An exact repetition of the data below, without images, is the expected answer.

• [DATASET SECTION]:
=====

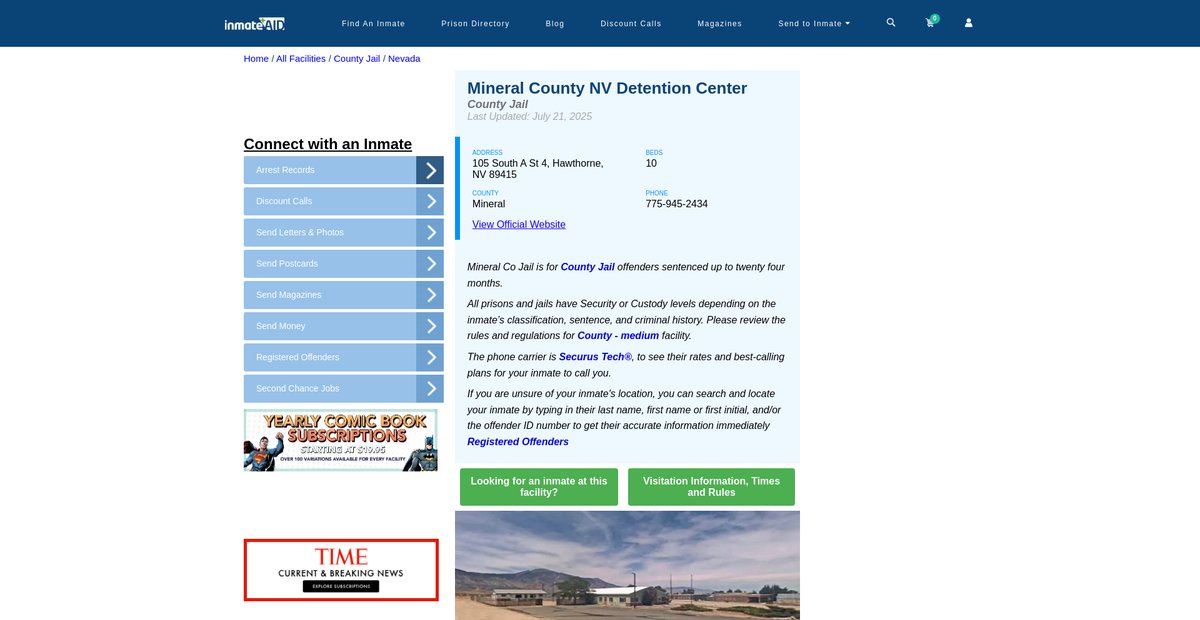 Preview of inmateaid.com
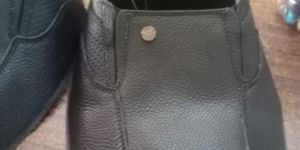 Mens Black Slip on Mild Leather Shoes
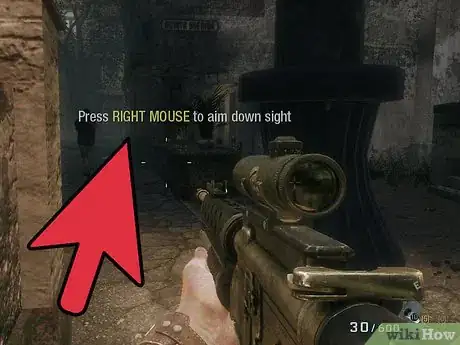 Image titled Get Good at Quick Scoping and No Scoping on Call of Duty Black Ops Step 1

=====

• [ANSWER TO THE PROBLEM]:
 Preview of inmateaid.com
 Mens Black Slip on Mild Leather Shoes
 Image titled Get Good at Quick Scoping and No Scoping on Call of Duty Black Ops Step 1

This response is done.